An unfortunate fact is, that adhesions are unavoidable in surgery and a treatment for adhesions is more surgery. Besides intestinal obstructions caused by adhesions that may be seen in an X-ray, there are no diagnostic tests available to accurately diagnose an adhesion.

===Abdominal surgery===
A study showed that more than 90% of people develop adhesions following open abdominal surgery and that 55–100% of women develop adhesions following pelvic surgery. Adhesions from prior abdominal or pelvic surgery may obscure visibility and access at subsequent abdominal or pelvic surgery. In a very large study (29,790 participants) published in British medical journal The Lancet, 35% of patients who underwent open abdominal or pelvic surgery were readmitted to the hospital an average of two times after their surgery, due to adhesion-related or adhesion-suspected complications. Over 22% of all readmissions occurred in the first year after the initial surgery. Adhesion-related complexity at reoperation adds significant risk to subsequent surgical procedures.

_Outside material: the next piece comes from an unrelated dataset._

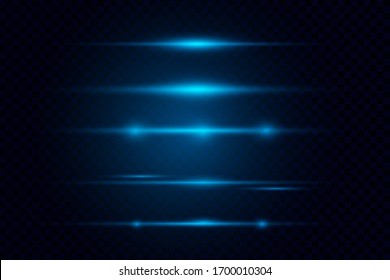 Blue horizontal lens flares pack. Laser beams, horizontal light rays.Beautiful light flares. Glowing streaks on dark background. Luminous abstract sparkling lined background.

Certain organs and structures in the body are more prone to adhesion formation than others. The omentum is particularly susceptible to adhesion formation; one study found that 92% of post-operative adhesions were found in the omentum. It appears that the omentum is the chief organ responsible for "spontaneous" adhesion formation (i.e. no prior history of surgery). In another study, 100% of spontaneous adhesion formations were associated with the omentum.

One method to reduce the formation of adhesions following abdominal surgery is hydroflotation, in which the organs are separated from one another by being floated in a solution.

===Carpal tunnel surgery===
The long-term use of a wrist splint during recovery from carpal tunnel surgery may cause adhesion formation. For that reason, it is advised that wrist splints be used only for short-term protection in work environments, but otherwise, splints do not improve grip strength, lateral pinch strength, or bowstringing. Beyond adhesion they also may cause stiffness or flexibility problems.

==Types==
There are three general types of adhesions: filmy, vascular, and cohesive, however, their pathophysiology is similar. Filmy adhesions usually do not pose problems. Vascular adhesions are problematic.